Action item: Line by line, give the data again exactly as it appears, but without pictures.

Supplied information:
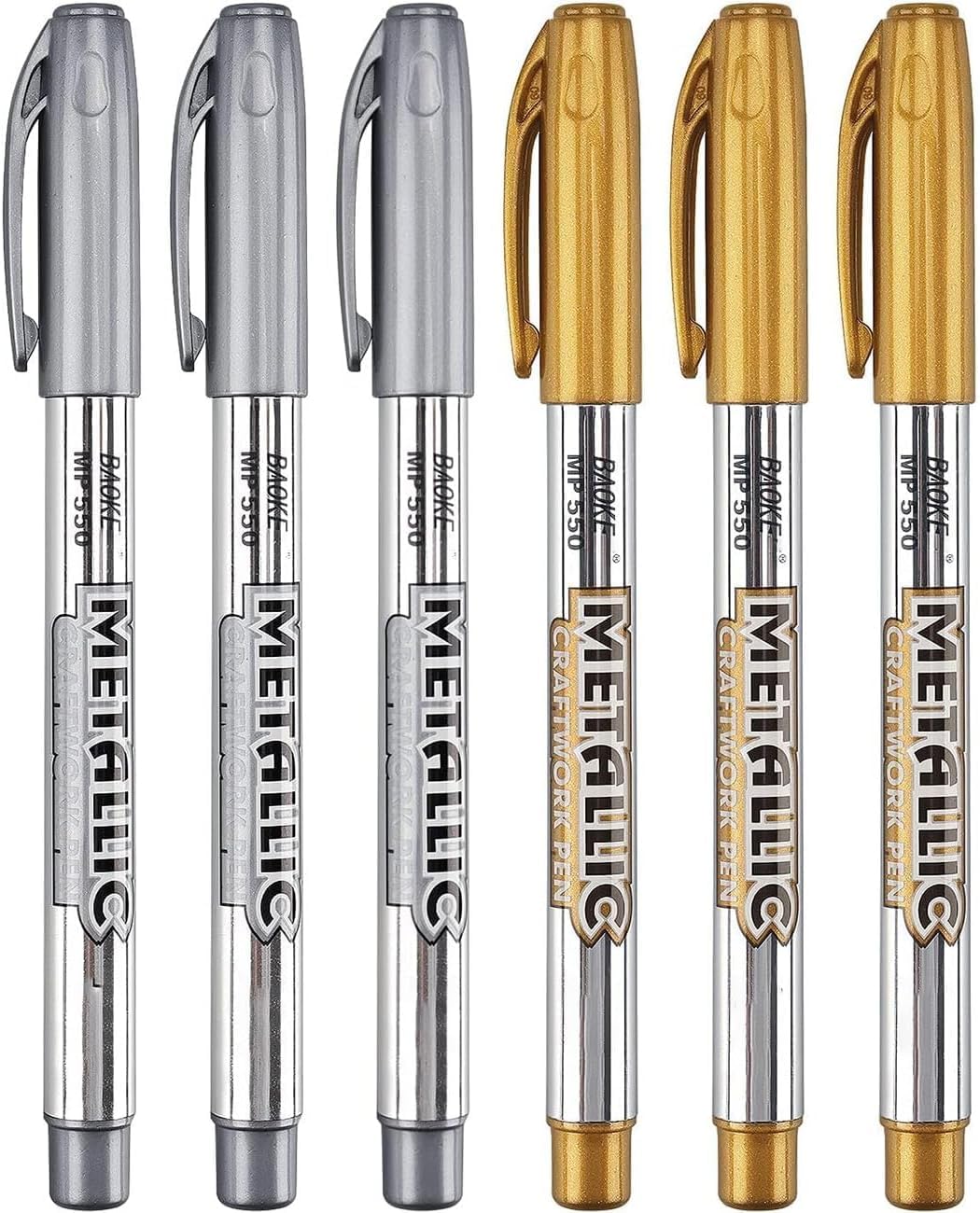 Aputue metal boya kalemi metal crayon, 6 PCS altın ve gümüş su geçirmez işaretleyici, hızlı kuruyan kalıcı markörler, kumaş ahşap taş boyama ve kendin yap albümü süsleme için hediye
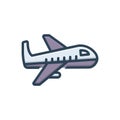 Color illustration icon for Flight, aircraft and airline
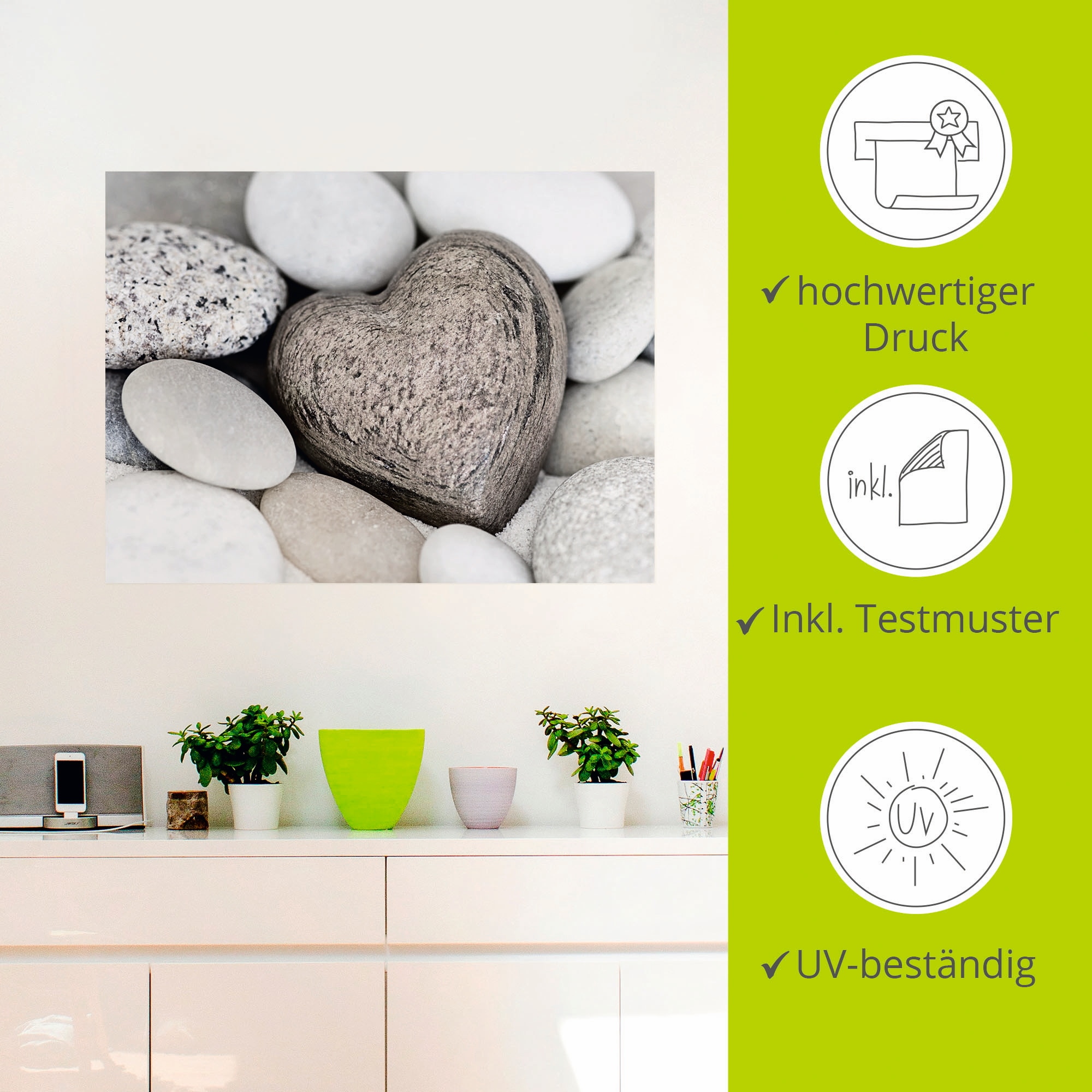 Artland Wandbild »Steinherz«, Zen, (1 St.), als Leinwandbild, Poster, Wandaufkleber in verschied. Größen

Output below:
 Aputue metal boya kalemi metal crayon, 6 PCS altın ve gümüş su geçirmez işaretleyici, hızlı kuruyan kalıcı markörler, kumaş ahşap taş boyama ve kendin yap albümü süsleme için hediye
 Color illustration icon for Flight, aircraft and airline
 Artland Wandbild »Steinherz«, Zen, (1 St.), als Leinwandbild, Poster, Wandaufkleber in verschied. Größen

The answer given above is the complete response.